Having solely the declaration of the variable, you cannot distinguish the three cases. One can still discuss if one should not use something like int *x[10] to express an array of 10 pointers to ints or something else; but int **x can - due to pointer arithmetics, be used in the three different ways, each way assuming a different memory layout with the (good) chance to make the wrong assumption.
Consider the following example, where an int ** is used in three different ways, i.e. p2p2i_v1 as a pointer to a pointer to a (single) int, p2p2i_v2 as a pointer to an array of pointers to int, and p2p2i_v3 as a pointer to a pointer to an array of ints. Note that you cannot distinguish these three meanings solely by the type, which is int** for all three. But with different initialisations, accessing each of them in the wrong way yields something unpredictable, except accessing the very first elements:
int i1=1,i2=2,i3=3,i4=4;
int *p2i = &i1;
int **p2p2i_v1 = &p2i; // pointer to a pointer to a single int
int *arrayOfp2i[4] = { &i1, &i2, &i3, &i4 };
int **p2p2i_v2 = arrayOfp2i; // pointer to an array of pointers to int
int arrayOfI[4] = { 5,6,7,8 };
int *p2arrayOfi = arrayOfI;
int **p2p2i_v3 = &p2arrayOfi; // pointer to a pointer to an array of ints
// assuming a pointer to a pointer to a single int:
int derefi1_v1 = *p2p2i_v1[0]; // correct; yields 1
int derefi1_v2 = *p2p2i_v2[0]; // correct; yields 1
int derefi1_v3 = *p2p2i_v3[0]; // correct; yields 5
// assuming a pointer to an array of pointers to int's
int derefi1_v1_at1 = *p2p2i_v1[1]; // incorrect, yields ? or seg fault
int derefi1_v2_at1 = *p2p2i_v2[1]; // correct; yields 2
int derefi1_v3_at1 = *p2p2i_v3[1]; // incorrect, yields ? or seg fault
// assuming a pointer to an array of pointers to an array of int's
int derefarray_at1_v1 = (*p2p2i_v1)[1]; // incorrect; yields ? or seg fault;
int derefarray_at1_v2 = (*p2p2i_v2)[1]; // incorrect; yields ? or seg fault;
int derefarray_at1_v3 = (*p2p2i_v3)[1]; // correct; yields 6;

How can I know if :
arr is a pointer to a pointer of an integer
arr is a pointer to an array of pointers to integers
arr is a pointer to an array of pointers to arrays of integers
You cannot. It can be any of those. What it ends up being depends on how you allocate / use it.
So if you write code using these, document what you're doing with them, pass size parameters to the functions using them, and generally be sure about what you allocated before using it.

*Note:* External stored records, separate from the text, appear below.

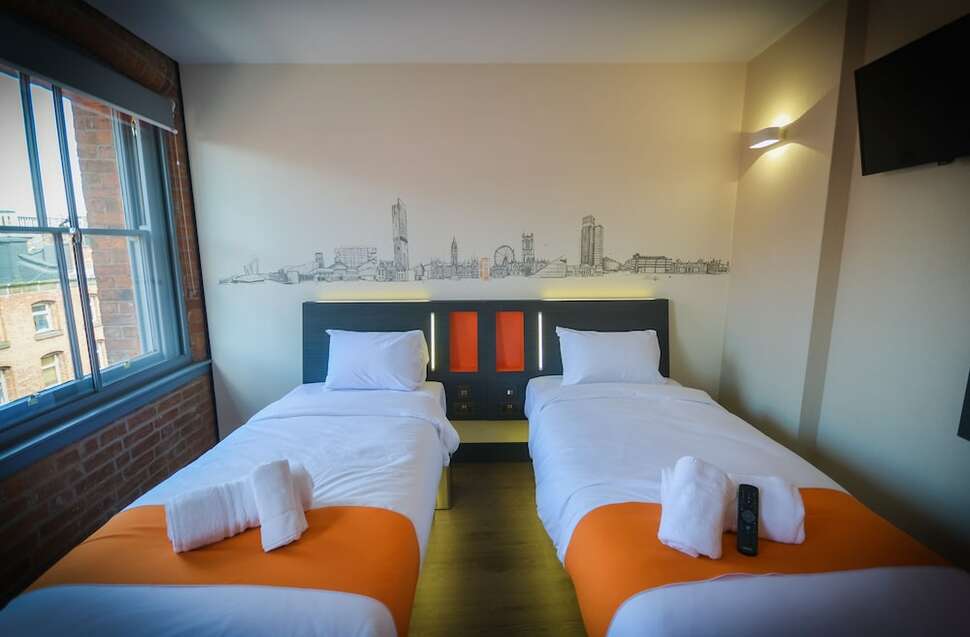 Een foto van EasyHotel Manchester City Centre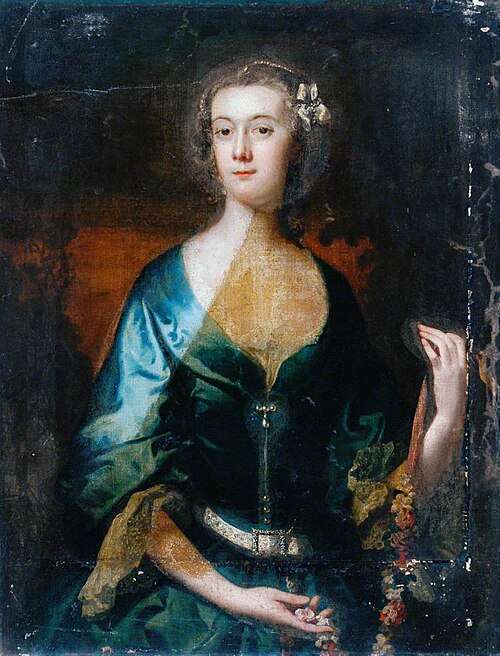 Portrait of a Lady, 1700, 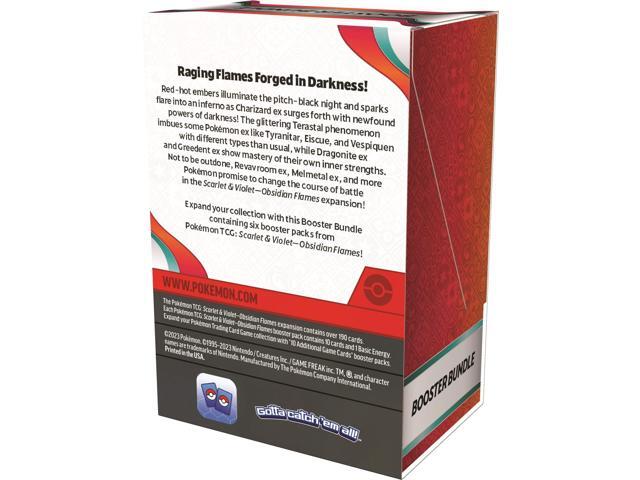 Pokemon TCG: Scarlet & Violet - Obsidian Flames Booster Bundle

Pointers do not keep the information whether they point to a single object or an object that is an element of an array. Moreover for the pointer arithmetic single objects are considered like arrays consisting from one element.
Consider these declarations
int a;
int a1[1];
int a2[10];
int *p;
p = &a;
//...
p = a1;
//...
p = a2;
In this example the pointer p deals with addresses. It does not know whether the address it stores points to a single object like a or to the first element of the array a1 that has only one element or to the first element of the array a2 that has ten elements.

The type of
int ** arr;
only have one valid interpretation. It is:
arr is a pointer to a pointer to an integer
If you have no more information than the declaration above, that is all you can know about it, i.e. if arr is probably initialized, it points to another pointer, which - if probably initialized - points to an integer.
Assuming proper initialization, the only guaranteed valid way to use it is:
**arr = 42;
int a = **arr;
However, C allows you to use it in multiple ways.
• arr can be used as a pointer to a pointer to an integer (i.e. the basic case)
int a = **arr;
• arr can be used as a pointer to a pointer to an an array of integer
int a = (*arr)[4];
• arr can be used as a pointer to an array of pointers to integers
int a = *(arr[4]);
• arr can be used as a pointer to an array of pointers to arrays of integers
int a = arr[4][4];
In the last three cases it may look as if you have an array. However, the type is not an array. The type is always just a pointer to a pointer to an integer - the dereferencing is pointer arithmetic. It is nothing like a 2D array.
To know which is valid for the program at hand, you need to look at the code initializing arr.
Update
For the updated part of the question:
If you have:
void foo(char** x) { .... };
the only thing that you know for sure is that **x will give a char and *x will give you a char pointer (in both cases proper initialization of x is assumed).
If you want to use x in another way, e.g. x[2] to get the third char pointer, it requires that the caller has initialized x so that it points to a memory area that has at least 3 consecutive char pointers. This can be described as a contract for calling foo.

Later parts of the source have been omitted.